IF 4.3 3区 医学 Q1 RESPIRATORY SYSTEM Pub Date : 2025-03-24 eCollection Date: 2025-03-01 DOI: 10.1183/23120541.00806-2024
Jingchun Fan, Tiantian Feng, Xiaomei Jiang, Caihong Wei, Xuhui Zhang, Caiyun Li, Feiyan Yue, Hong Yang, Shisan Bao, Xuwen Chen

Background: Wearing masks imposes an additional respiratory burden on COPD patients. This study aimed to investigate the impact of various mask types on physiological parameters and subjective feelings in COPD patients.

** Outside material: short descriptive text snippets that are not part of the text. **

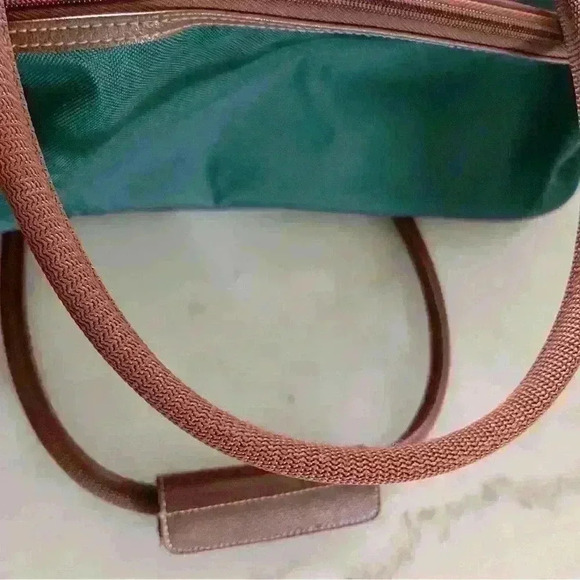 Vintage Ralph Lauren Fragrances carry on bag green with brown trim. Never used. - Picture 11 of 12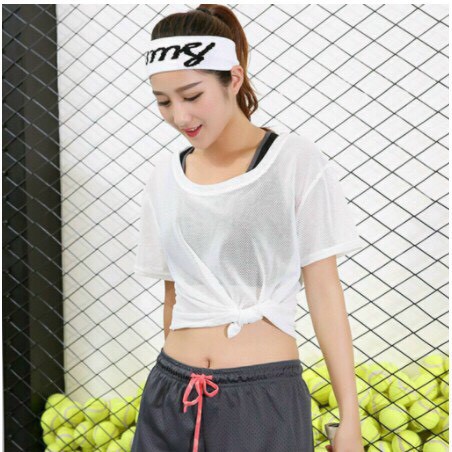 Áo lưới thể thao tập GYM, YOGA, ZUMBA (FREESHIP)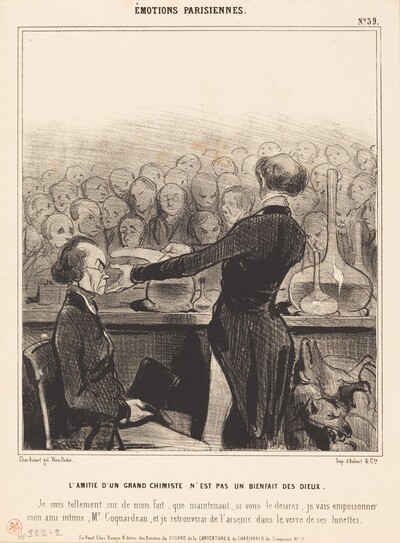 L'Amitié d'un grand chimiste...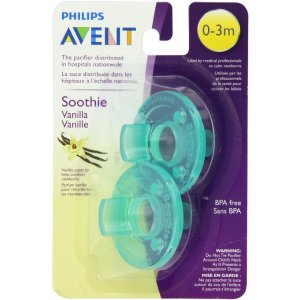 Philips AVENT 2 Piece BPA Free Soothie Pacifier, 0-3 months, Vanilla Scented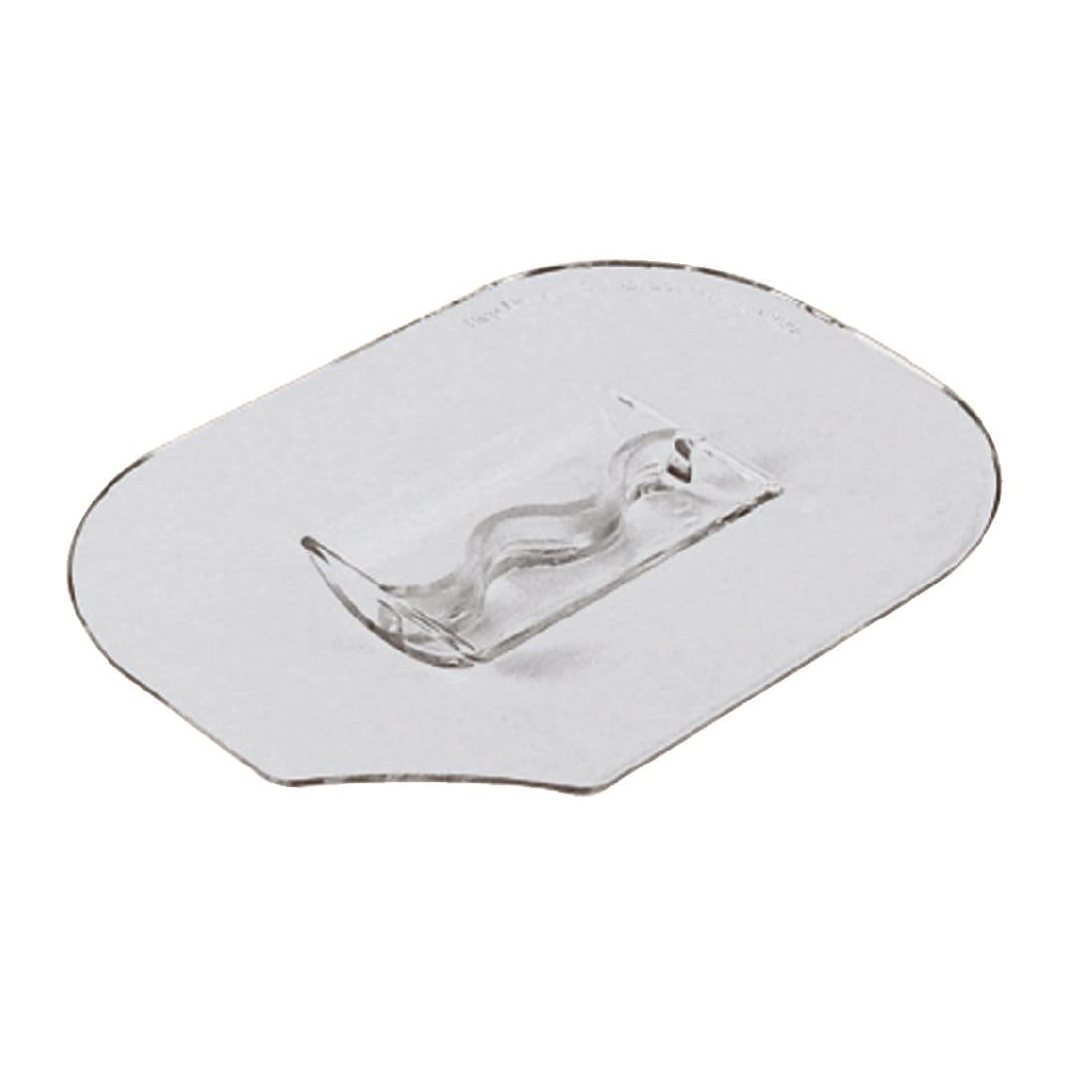 Couvercle transparent en SAN avec encoche pour saladiers Dalebrook 1,1kg — L281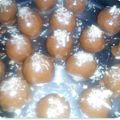 PujaDhiman's cooksnap of when they made Chocolate Ladoos.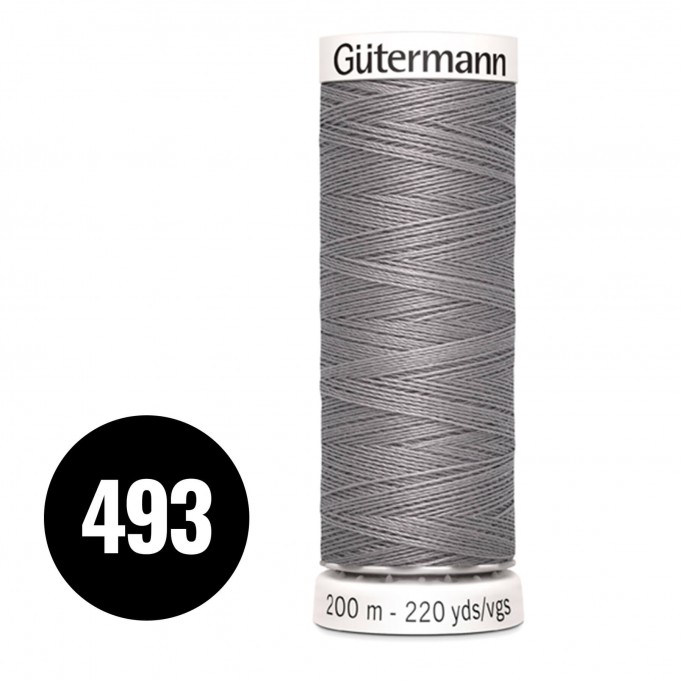 Gütermann 493 Mouse Grey 200M (043) - (Sewing Threads)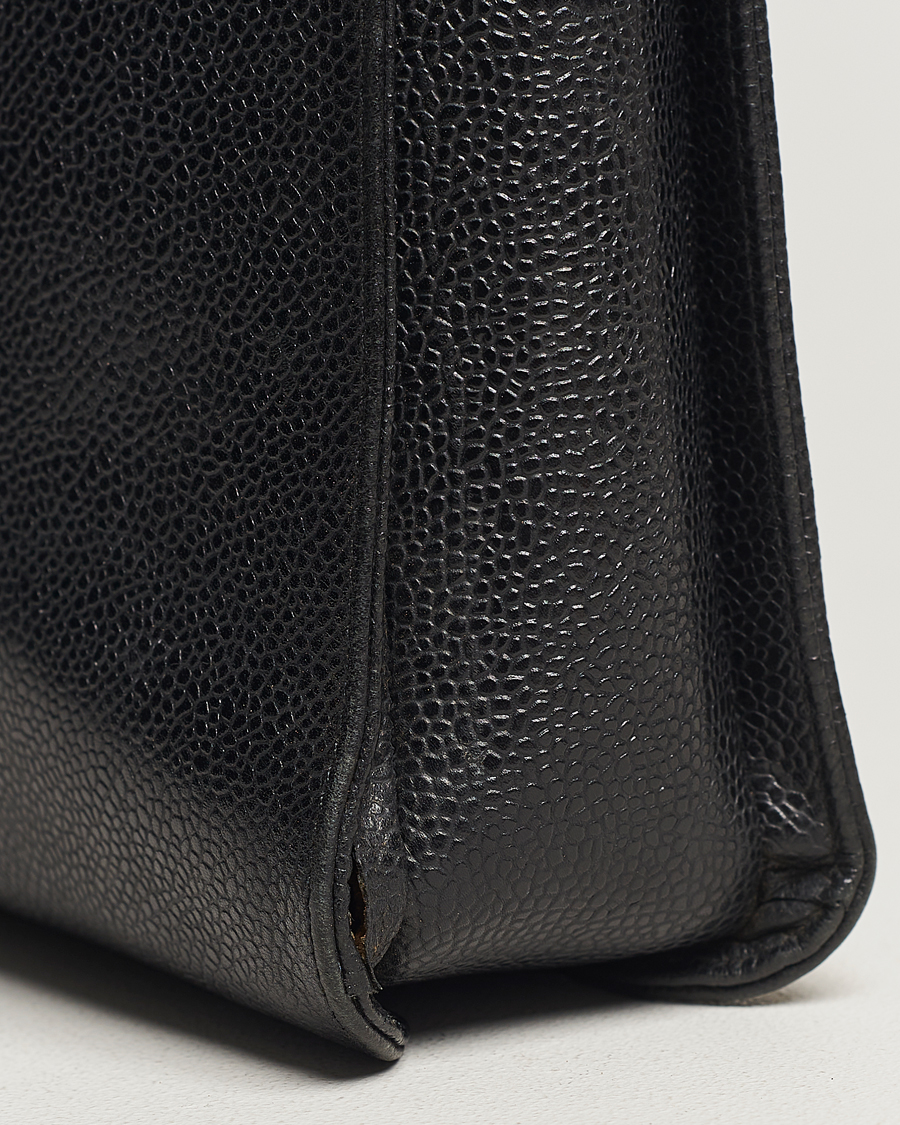 Herre | Chanel Pre-Owned Portfolio Briefcase Leather Black | Chanel Pre-Owned | Portfolio Briefcase Leather Black
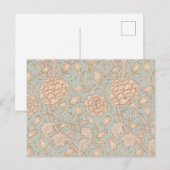 William Morris Wild Tulip Bloemen Ontwerp Briefkaart (Voorkant / Achterkant)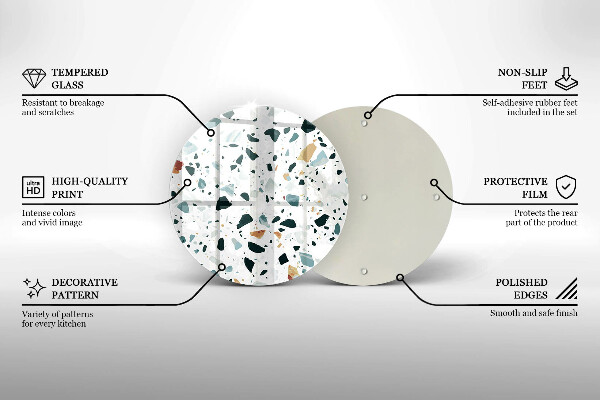 Skleněné krájecí prkénko Lehká kamenina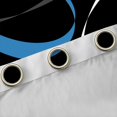 thumbnail image 4 of Manfei Abstract Lines Kitchen Curtains, Modern Minimalist Aesthetic Black Out Curtains Pack of 2 (42x63 Each), Blue, White and Black, 4 of 6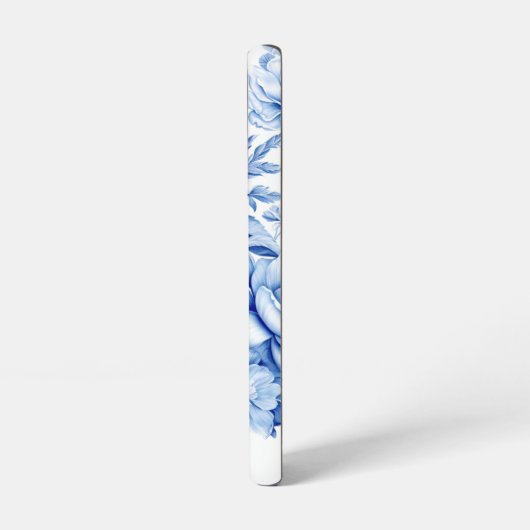 Schöne Personalisierte blaue Rose Samsung Galaxy Hülle (Linke Seite)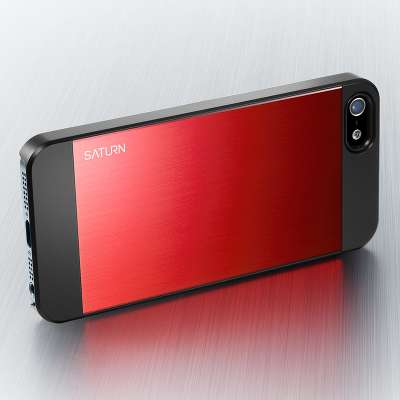 Чехол Spigen SGP Saturn для iPhone 5/5S, Metal Red [SGP10143]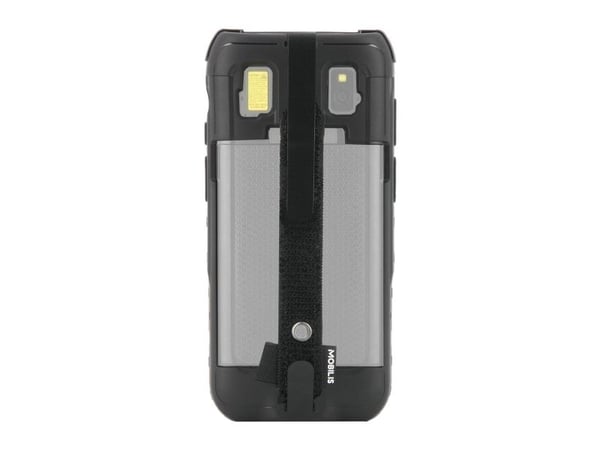 Mobilis PROTECH - Baksidedeksel for datafangstterminal - robust - med håndstropp - svart - for Honeywell CT47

Methods: This randomised, open-label, parallel-controlled trial randomly assigned 129 COPD patients from two Chinese hospitals to the N95 mask group, the surgical mask group and the no mask group, who were required to complete a 6-min rest (6MR) and a 6-min walking test (6MWT) while wearing their designated masks, and were assessed for blood pressure, oxygen saturation, pulse rate, Borg score, rating of perceived exertion (RPE) score, 6-min walk distance (6MWD) and subjective feeling score. Data were analysed using intention-to-treat analysis and per-protocol analysis.

Results: No significant differences were observed in blood pressure, oxygen saturation, pulse rate or the 6MWD among the three groups following a 6MR or 6MWT. Wearing N95 masks and surgical masks during the 6MWT significantly elevated perceived dyspnoea (p<0.001) and exertion scores (p<0.001) in COPD patients. The differences in the two scores between the highest and lowest groups were 2 and 4 points, respectively.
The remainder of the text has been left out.